Biorąc pod uwagę ideologiczne korzenie, dizajn filmu jest w oczywisty sposób dość klasyczny. Jako, że akcja dzieje się w bliskiej przyszłości, technologia na pokładzie Icarusa jest prawie że współczesna, z dodatkiem kilku nowinek. Spore wrażenie robi konstrukcja samego statku z ogromną odblaskową tarczą przeciwsłoneczną na dziobie, a absolutnie powalający jest dizajn skafandrów do spacerów okołosłonecznych. Groteskowe postacie w kolorze złota kojarzą się głównie z golemem w masce spawalniczej. Dzięki temu dramatyzm kilku akcji rośnie, hmmm… dramatycznie.

Grając na odczuciach widza, film świetnie eksploatuje paradoks zderzenia ciemności i zera absolutnego z oślepiającym światłem i ogromną temperatura na granicy dnia i nocy w kosmosie. Zdjęciowiec praktycznie cały film skazuje nas na los bohaterów filmu – z jednej strony wręcz czujemy zimno i ciemność, podobnie jak ukryta za tarczą przeciwsłoneczną załoga, z drugiej musimy oglądać chaotyczne, nieostre obrazy – zupełnie jak po nieopatrznym spojrzeniu w Słońce…
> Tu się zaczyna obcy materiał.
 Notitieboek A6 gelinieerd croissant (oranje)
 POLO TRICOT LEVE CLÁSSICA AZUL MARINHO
Sunshine jest najdroższym brytyjskim filmem SF od lat. Warto nadmienić, że film powstał po 30 wersjach scenariusza, którego pomysłodawcą i ostatecznym aktorem jest Alex Garland,długoletni współpracownik Boyla (The Beach i 28 Days Later). Kiwka należy się polskiemu dystrybutorowi, który promuje tytuł jako film twórcy Trainspotting i 28 dni później, a nie np. jako kosmiczną przygodę ekipy wesołych bohaterów.
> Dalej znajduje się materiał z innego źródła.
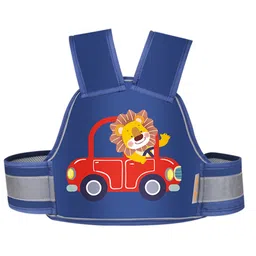 Chinmay Kids Safety Belt for Two Wheeler with Reflective Strips Adjustable Safety Harness - Navy Blue-picture-6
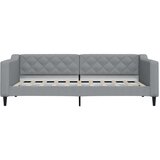  Dnevni krevet svjetlosivi 90 x 190 cm od tkanine | shoptok.hr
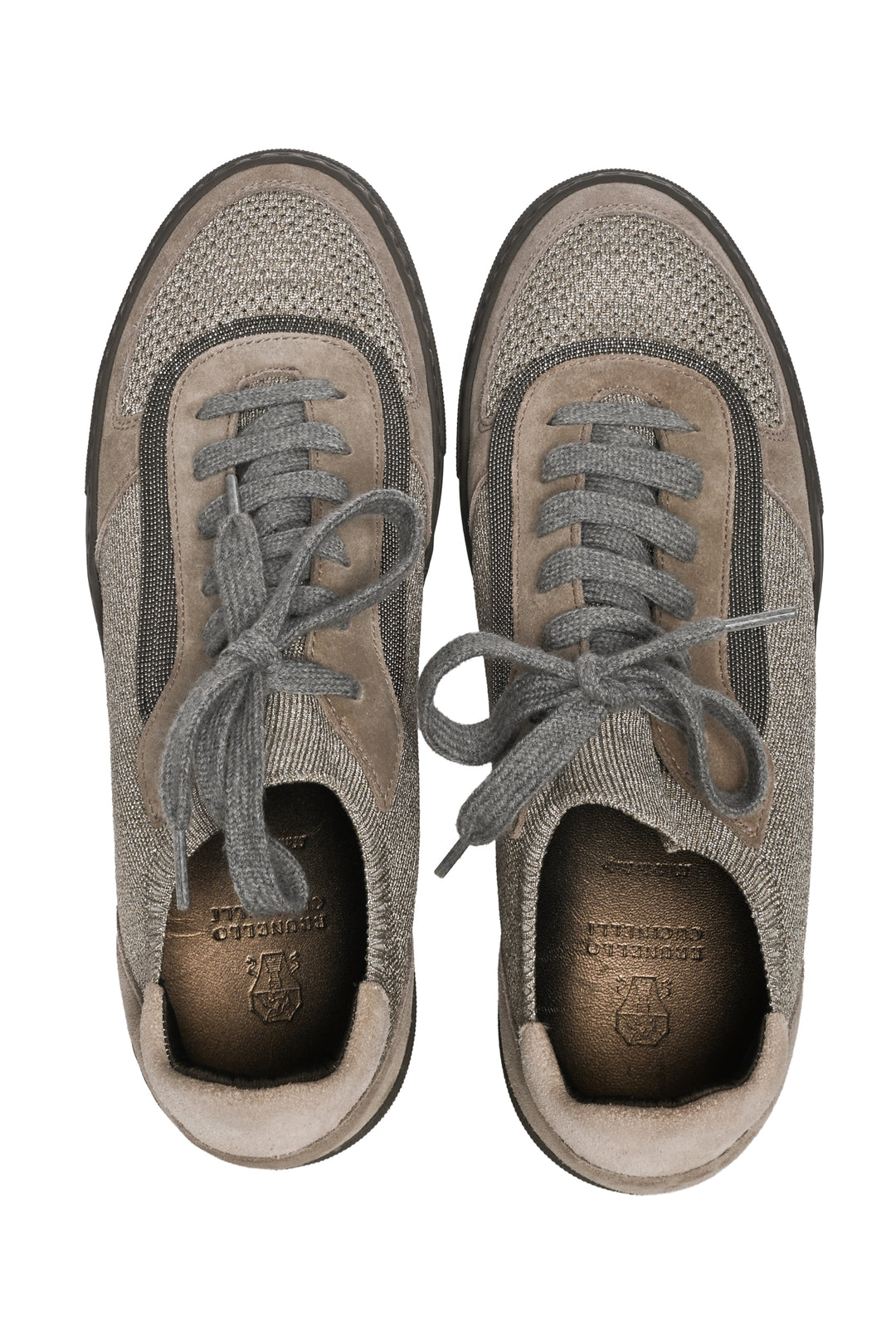 Brunello Cucinelli Size 41 Monili Glitter Sneaker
Krótko mówiąc, DAWNO nie było w naszych kinach tak rasowego SF. Europa kolejny raz pokazuje, że na tym polu daje radę. Wzorowy film, POLECAM!!!

Ocena (1-5):
Kult Słoneczka: 5
Trafność naukowa: 3
Doznania metafizyczne: 4
Fajność: 5

Cytat: Kaneda, what do you see?

Ciekawostka przyrodnicza: W 1997 roku Danny Boyle został zatrudniony jako reżyser Obcego 5, w którym jeszcze wówczas miały grać Sigourney Weaver i Winona Ryder. Wkrótce jednak w wyniku wypłaszczenia się całego projektu stracił tę wspaniałą posadę. No i chyba właśnie się odegrał.
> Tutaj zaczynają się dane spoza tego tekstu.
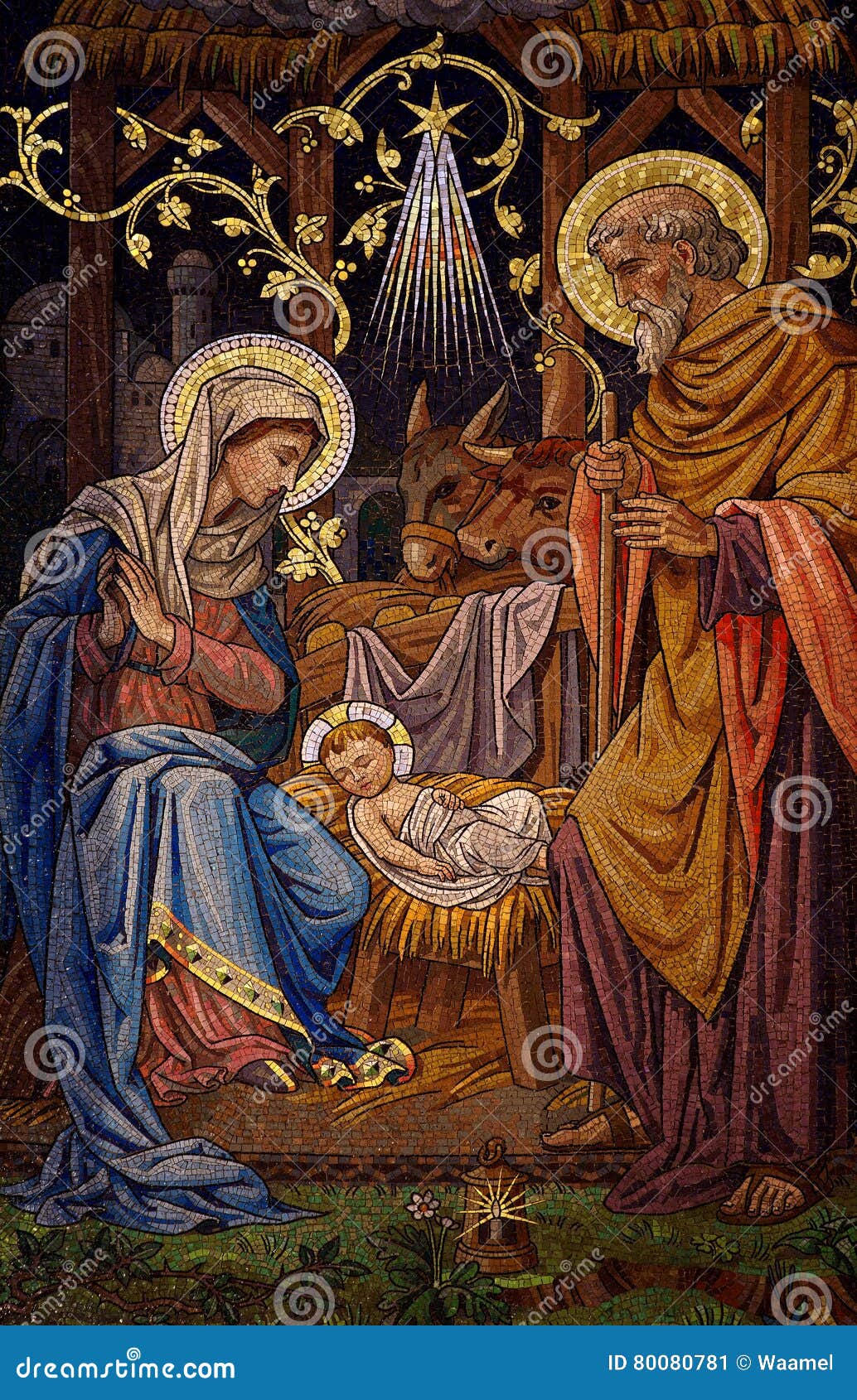 the nativity (mosaic)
Written by: Commander John J. Adams

 

Komenty FB

komentarzy

Komercha

8 Komentarze(y) na Sunshine/W stronę Słońca

  1. Niestety film na mnie nie zrobił większego wrażenia 🙁

    Roi się w nim od nielogiczności fabularnych no i główny zarzut to zrobienie z ostatniego aktu filmu kopii EH. Nawet antagonista przypominał nieco dr Wrena. Boyle skrewił sprawę. Zresztą film zrobił klapę w Europie i najprawdopodobniej podzieli ten sam los w USA.

    Szkoda

    Aha i jeszcze jedno. Boyle miał reżyserową Alien Resurrection nie piątkę.

  2. Aha, i jeszcze jedno – oba twierdzenia (Alien 4 i 5) są prawdziwe.

  3. A mogę wiedzieć skąd masz to info?

    Było jakieś jego oświadczenie w tej sprawie?

  4. Nie wiedziałem, że newsy filmowe powstają na zasadzie oświadczeń reżyserów 🙂
    Z wywiadu w SFX.

  5. Z oświadczeń w wywiadach na przykład 😀

    Rozumie, że był to wywiad z DB w którym stwierdził, iż Fox kusił go propozycją piątej odsłony?

  6. Nie tyle go kusił co Boyle był przez krótki czas zatrudniony jako dyżurny reżyser – było to jeszcze przed premierą A4, kiedy od razu chcieli robić kontynuację.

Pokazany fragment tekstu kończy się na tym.